**Your task**. Each line in the material below, starting at the one with "Blooming Bridal 14k" and ending at the one with "(WMNS) UGG Classic", is to be reproduced exactly; no picture is to be copied.
Start of Data to use
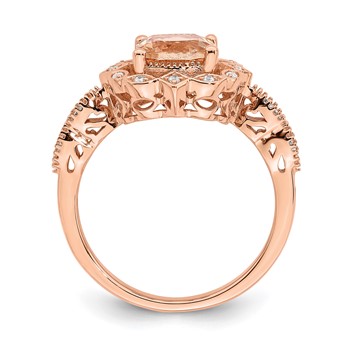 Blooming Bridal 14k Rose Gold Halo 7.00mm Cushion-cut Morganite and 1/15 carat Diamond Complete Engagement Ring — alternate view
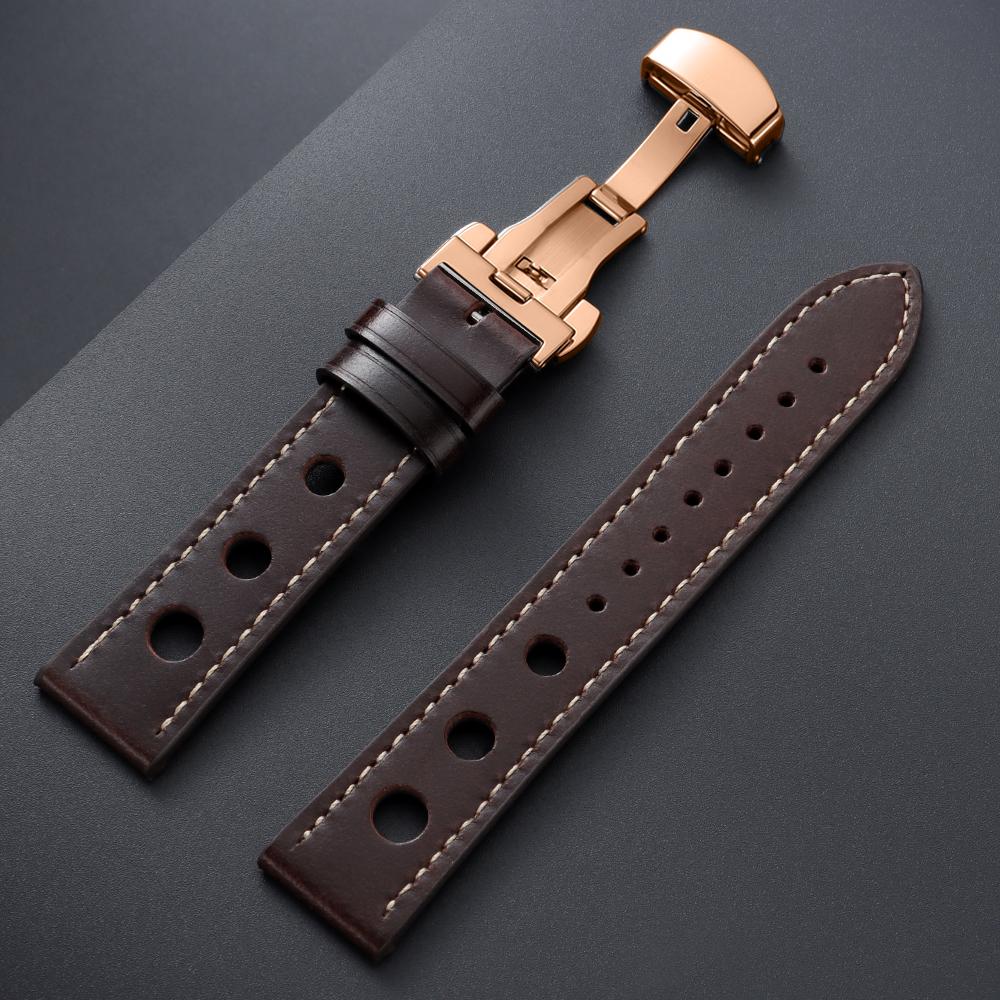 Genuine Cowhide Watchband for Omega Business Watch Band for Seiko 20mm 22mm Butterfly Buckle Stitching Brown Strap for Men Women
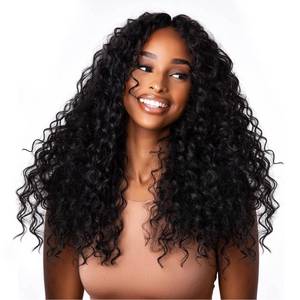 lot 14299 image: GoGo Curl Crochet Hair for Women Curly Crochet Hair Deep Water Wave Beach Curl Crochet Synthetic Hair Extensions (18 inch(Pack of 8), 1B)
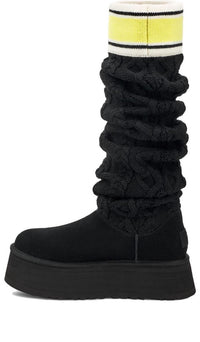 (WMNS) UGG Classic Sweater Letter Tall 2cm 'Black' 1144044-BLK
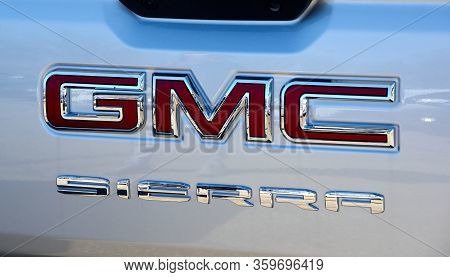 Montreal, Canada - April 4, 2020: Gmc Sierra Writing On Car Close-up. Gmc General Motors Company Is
End of Data to use
Start of Data to use
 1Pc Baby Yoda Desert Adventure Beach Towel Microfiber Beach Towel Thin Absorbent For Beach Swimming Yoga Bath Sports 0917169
End of Data to use
**Answer box**.
 Blooming Bridal 14k Rose Gold Halo 7.00mm Cushion-cut Morganite and 1/15 carat Diamond Complete Engagement Ring — alternate view
 Genuine Cowhide Watchband for Omega Business Watch Band for Seiko 20mm 22mm Butterfly Buckle Stitching Brown Strap for Men Women
 lot 14299 image: GoGo Curl Crochet Hair for Women Curly Crochet Hair Deep Water Wave Beach Curl Crochet Synthetic Hair Extensions (18 inch(Pack of 8), 1B)
 (WMNS) UGG Classic Sweater Letter Tall 2cm 'Black' 1144044-BLK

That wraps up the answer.